Paper detail

Option Pricing and CVA Calculations using the Monte Carlo-Tree (MC-Tree) Method

The binomial tree method and the Monte Carlo (MC) method are popular methods for solving option pricing problems. However in both methods there is a trade-off between accuracy and speed of computation, both of which are important in applications. We introduce a new method, the MC-Tree method, that combines the MC method with the binomial tree method. It employs a mixing distribution on the tree parameters, which are restricted to give prescribed mean and variance. For the family of mixing densities proposed here, the corresponding compound densities of the tree outcomes at final time are obtained. Ideally the compound density would be (after a logarithmic transformation of the asset prices) Gaussian. Using the fact that in general, when mean and variance are prescribed, the maximum entropy distribution is Gaussian, we look for mixing densities for which the corresponding compound density has high entropy level. The compound densities that we obtain are not exactly Gaussian, but have entropy values close to the maximum possible Gaussian entropy. Furthermore we introduce techniques to correct for the deviation from the ideal Gaussian pricing measure. One of these (distribution correction technique) ensures that expectations calculated with the method are taken with respect to the desired Gaussian measure.
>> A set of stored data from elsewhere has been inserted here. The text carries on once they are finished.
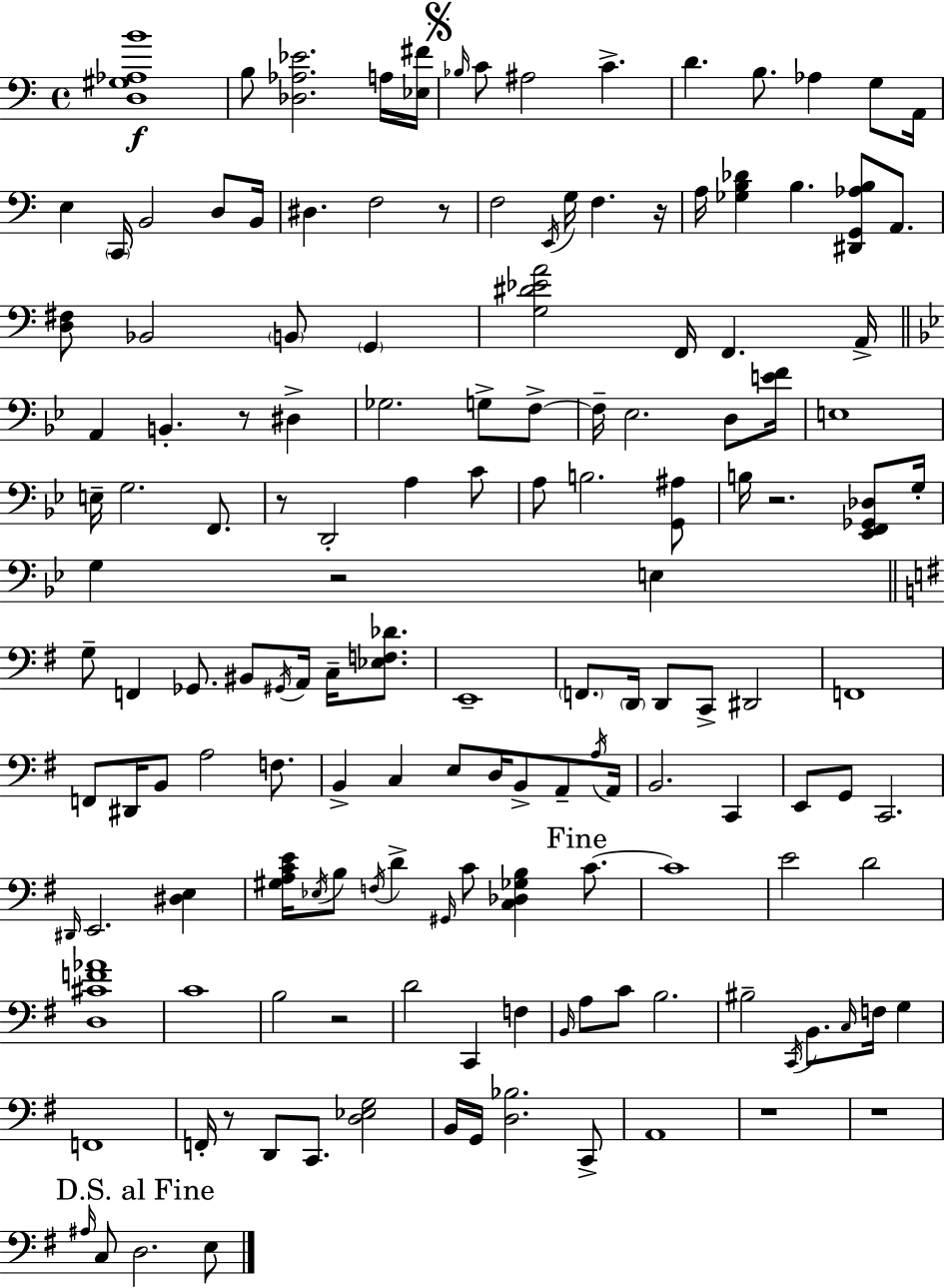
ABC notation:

X:1
T:Untitled
M:4/4
L:1/4
K:C
[D,^G,_A,B]4 B,/2 [_D,_A,_E]2 A,/4 [_E,^F]/4 _B,/4 C/2 ^A,2 C D B,/2 _A, G,/2 A,,/4 E, C,,/4 B,,2 D,/2 B,,/4 ^D, F,2 z/2 F,2 E,,/4 G,/4 F, z/4 A,/4 [_G,B,_D] B, [^D,,G,,_A,B,]/2 A,,/2 [D,^F,]/2 _B,,2 B,,/2 G,, [G,^D_EA]2 F,,/4 F,, A,,/4 A,, B,, z/2 ^D, _G,2 G,/2 F,/2 F,/4 _E,2 D,/2 [EF]/4 E,4 E,/4 G,2 F,,/2 z/2 D,,2 A, C/2 A,/2 B,2 [G,,^A,]/2 B,/4 z2 [_E,,F,,_G,,_D,]/2 G,/4 G, z2 E, G,/2 F,, _G,,/2 ^B,,/2 ^G,,/4 A,,/4 C,/4 [_E,F,_D]/2 E,,4 F,,/2 D,,/4 D,,/2 C,,/2 ^D,,2 F,,4 F,,/2 ^D,,/4 B,,/2 A,2 F,/2 B,, C, E,/2 D,/4 B,,/2 A,,/2 A,/4 A,,/4 B,,2 C,, E,,/2 G,,/2 C,,2 ^D,,/4 E,,2 [^D,E,] [^G,A,CE]/4 _E,/4 B,/2 F,/4 D ^G,,/4 C/2 [C,_D,_G,B,] C/2 C4 E2 D2 [D,^CF_A]4 C4 B,2 z2 D2 C,, F, B,,/4 A,/2 C/2 B,2 ^B,2 C,,/4 B,,/2 C,/4 F,/4 G, F,,4 F,,/4 z/2 D,,/2 C,,/2 [D,_E,G,]2 B,,/4 G,,/4 [D,_B,]2 C,,/2 A,,4 z4 z4 ^A,/4 C,/2 D,2 E,/2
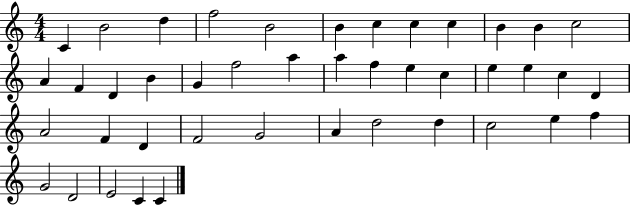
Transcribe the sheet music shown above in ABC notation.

X:1
T:Untitled
M:4/4
L:1/4
K:C
C B2 d f2 B2 B c c c B B c2 A F D B G f2 a a f e c e e c D A2 F D F2 G2 A d2 d c2 e f G2 D2 E2 C C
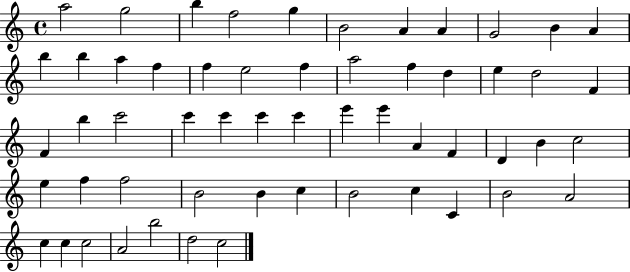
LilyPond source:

{
  \clef treble
  \time 4/4
  \defaultTimeSignature
  \key c \major
  a''2 g''2 | b''4 f''2 g''4 | b'2 a'4 a'4 | g'2 b'4 a'4 | \break b''4 b''4 a''4 f''4 | f''4 e''2 f''4 | a''2 f''4 d''4 | e''4 d''2 f'4 | \break f'4 b''4 c'''2 | c'''4 c'''4 c'''4 c'''4 | e'''4 e'''4 a'4 f'4 | d'4 b'4 c''2 | \break e''4 f''4 f''2 | b'2 b'4 c''4 | b'2 c''4 c'4 | b'2 a'2 | \break c''4 c''4 c''2 | a'2 b''2 | d''2 c''2 | \bar "|."
}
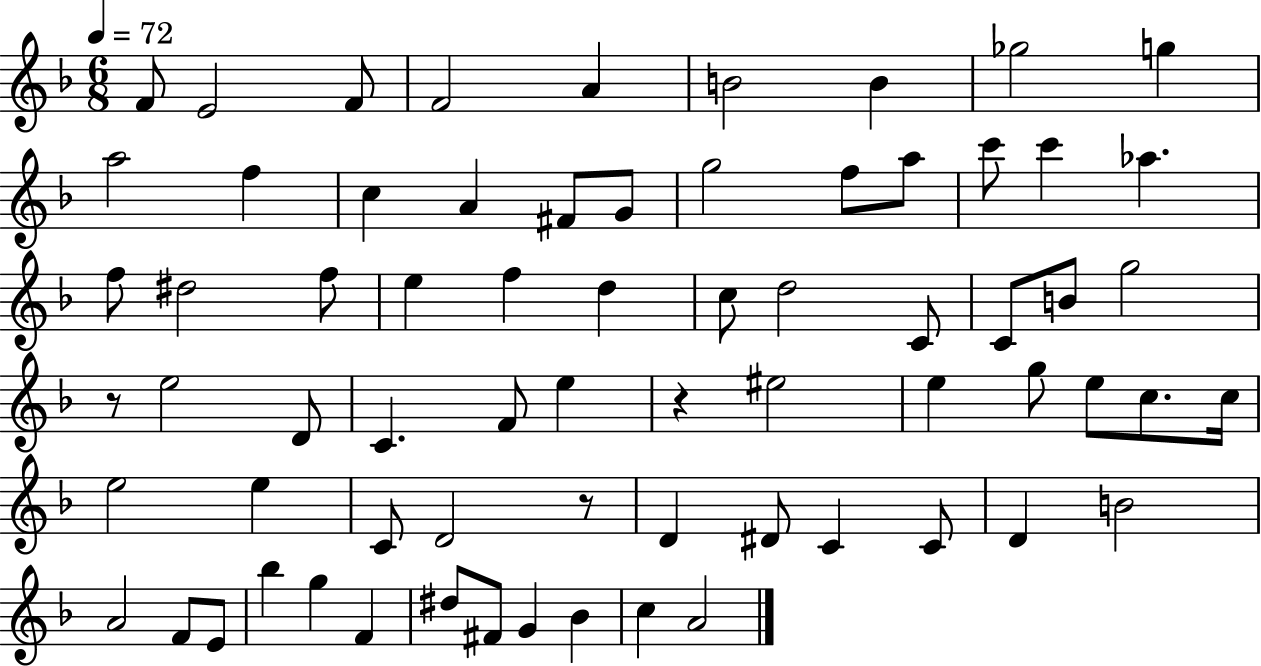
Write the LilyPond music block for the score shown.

{
  \clef treble
  \numericTimeSignature
  \time 6/8
  \key f \major
  \tempo 4 = 72
  f'8 e'2 f'8 | f'2 a'4 | b'2 b'4 | ges''2 g''4 | \break a''2 f''4 | c''4 a'4 fis'8 g'8 | g''2 f''8 a''8 | c'''8 c'''4 aes''4. | \break f''8 dis''2 f''8 | e''4 f''4 d''4 | c''8 d''2 c'8 | c'8 b'8 g''2 | \break r8 e''2 d'8 | c'4. f'8 e''4 | r4 eis''2 | e''4 g''8 e''8 c''8. c''16 | \break e''2 e''4 | c'8 d'2 r8 | d'4 dis'8 c'4 c'8 | d'4 b'2 | \break a'2 f'8 e'8 | bes''4 g''4 f'4 | dis''8 fis'8 g'4 bes'4 | c''4 a'2 | \break \bar "|."
}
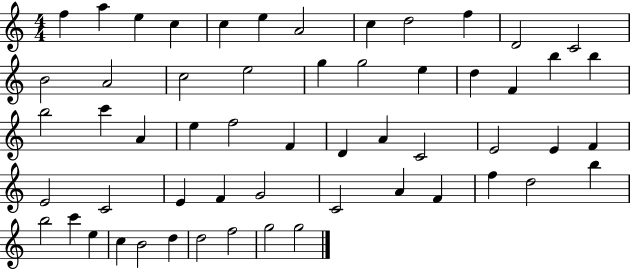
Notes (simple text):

F5/q A5/q E5/q C5/q C5/q E5/q A4/h C5/q D5/h F5/q D4/h C4/h B4/h A4/h C5/h E5/h G5/q G5/h E5/q D5/q F4/q B5/q B5/q B5/h C6/q A4/q E5/q F5/h F4/q D4/q A4/q C4/h E4/h E4/q F4/q E4/h C4/h E4/q F4/q G4/h C4/h A4/q F4/q F5/q D5/h B5/q B5/h C6/q E5/q C5/q B4/h D5/q D5/h F5/h G5/h G5/h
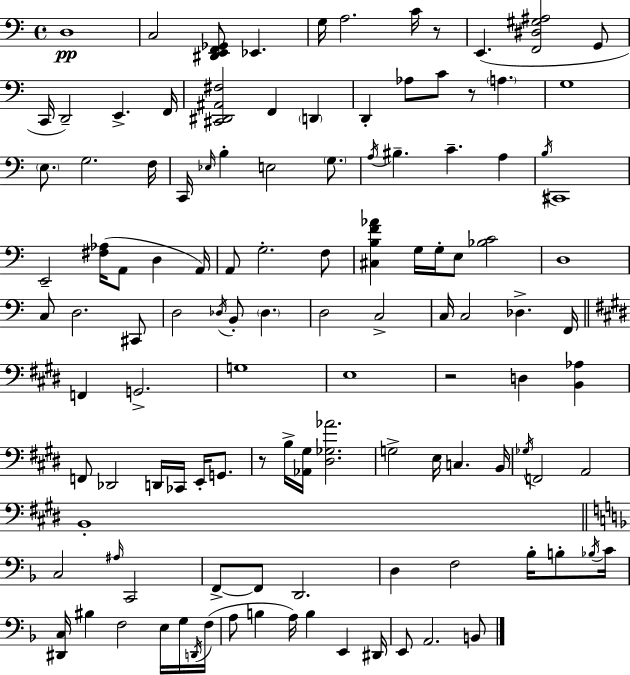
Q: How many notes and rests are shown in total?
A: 118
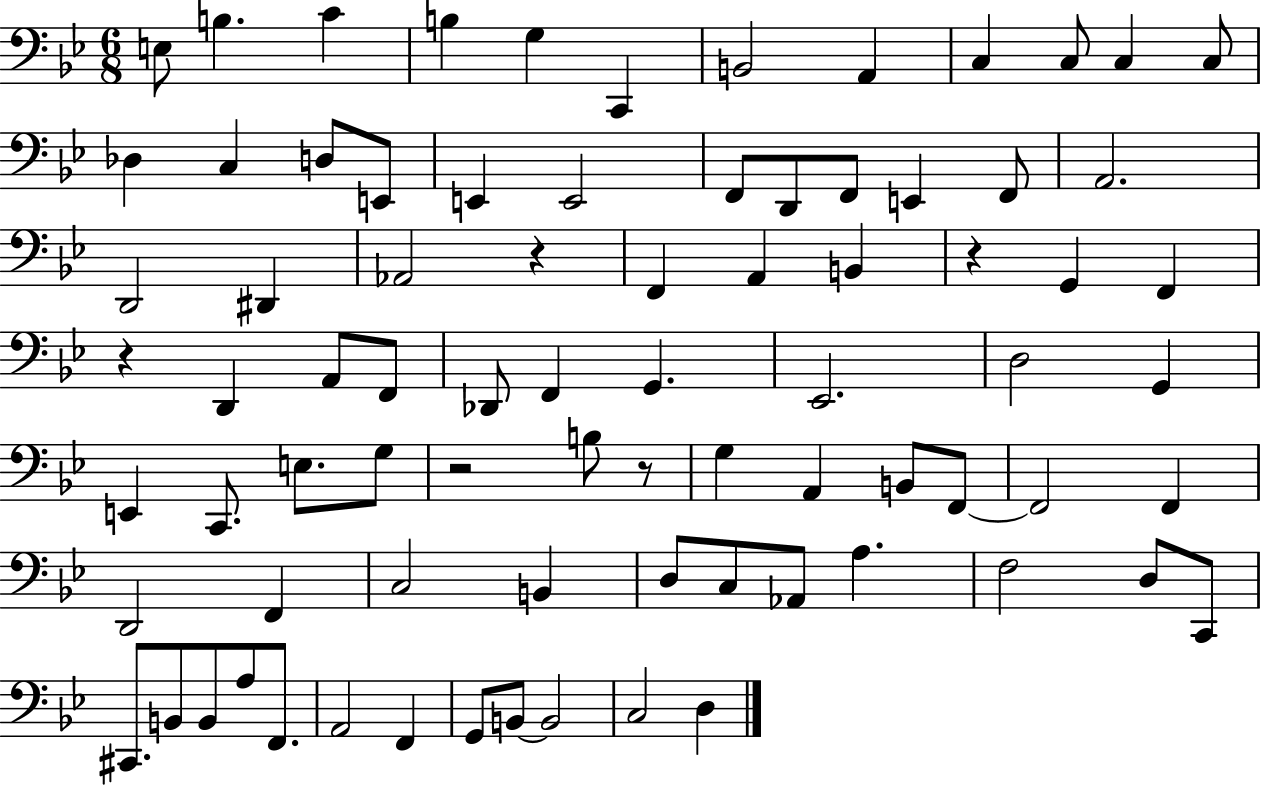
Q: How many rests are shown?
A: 5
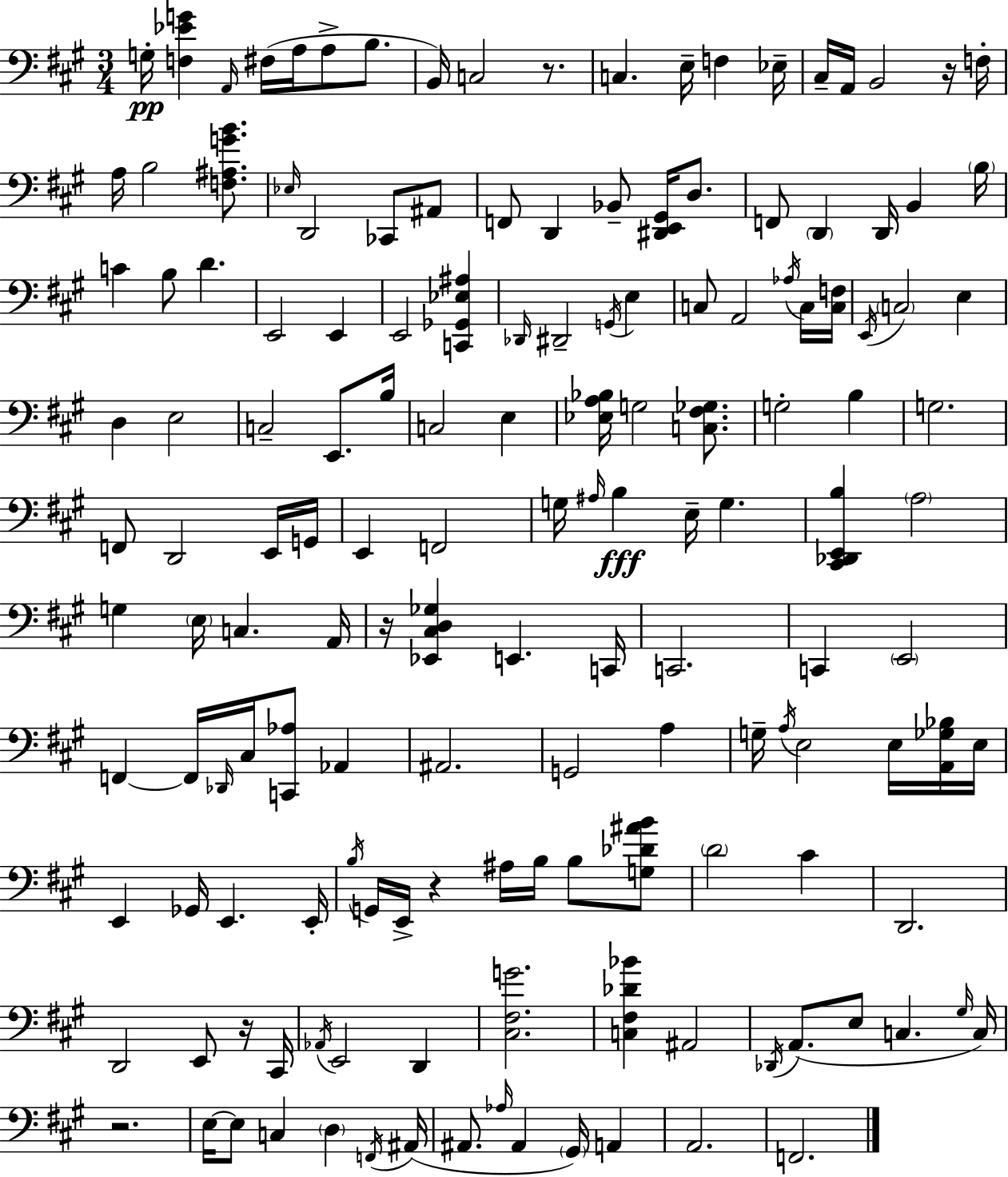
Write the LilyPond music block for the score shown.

{
  \clef bass
  \numericTimeSignature
  \time 3/4
  \key a \major
  g16-.\pp <f ees' g'>4 \grace { a,16 }( fis16 a16 a8-> b8. | b,16) c2 r8. | c4. e16-- f4 | ees16-- cis16-- a,16 b,2 r16 | \break f16-. a16 b2 <f ais g' b'>8. | \grace { ees16 } d,2 ces,8 | ais,8 f,8 d,4 bes,8-- <dis, e, gis,>16 d8. | f,8 \parenthesize d,4 d,16 b,4 | \break \parenthesize b16 c'4 b8 d'4. | e,2 e,4 | e,2 <c, ges, ees ais>4 | \grace { des,16 } dis,2-- \acciaccatura { g,16 } | \break e4 c8 a,2 | \acciaccatura { aes16 } c16 <c f>16 \acciaccatura { e,16 } \parenthesize c2 | e4 d4 e2 | c2-- | \break e,8. b16 c2 | e4 <ees a bes>16 g2 | <c fis ges>8. g2-. | b4 g2. | \break f,8 d,2 | e,16 g,16 e,4 f,2 | g16 \grace { ais16 } b4\fff | e16-- g4. <cis, des, e, b>4 \parenthesize a2 | \break g4 \parenthesize e16 | c4. a,16 r16 <ees, cis d ges>4 | e,4. c,16 c,2. | c,4 \parenthesize e,2 | \break f,4~~ f,16 | \grace { des,16 } cis16 <c, aes>8 aes,4 ais,2. | g,2 | a4 g16-- \acciaccatura { a16 } e2 | \break e16 <a, ges bes>16 e16 e,4 | ges,16 e,4. e,16-. \acciaccatura { b16 } g,16 e,16-> | r4 ais16 b16 b8 <g des' ais' b'>8 \parenthesize d'2 | cis'4 d,2. | \break d,2 | e,8 r16 cis,16 \acciaccatura { aes,16 } e,2 | d,4 <cis fis g'>2. | <c fis des' bes'>4 | \break ais,2 \acciaccatura { des,16 }( | a,8. e8 c4. \grace { gis16 }) | c16 r2. | e16~~ e8 c4 \parenthesize d4 | \break \acciaccatura { f,16 }( ais,16 ais,8. \grace { aes16 } ais,4 \parenthesize gis,16) a,4 | a,2. | f,2. | \bar "|."
}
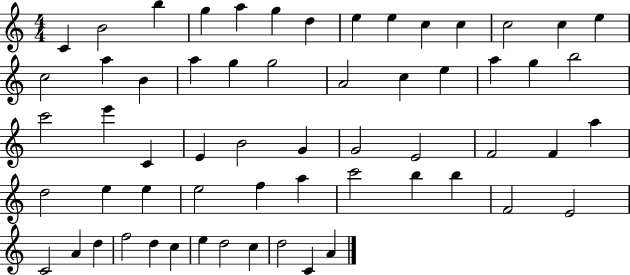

The other one (bias-correction technique) ensures that the probability distributions used are risk-neutral in each of the trees. Apart from option pricing, we apply our techniques to develop an algorithm for calculation of the Credit Valuation Adjustment (CVA) to the price of an American option. Numerical examples of the workings of the MC-Tree approach are provided, which show good performance in terms of accuracy and computational speed.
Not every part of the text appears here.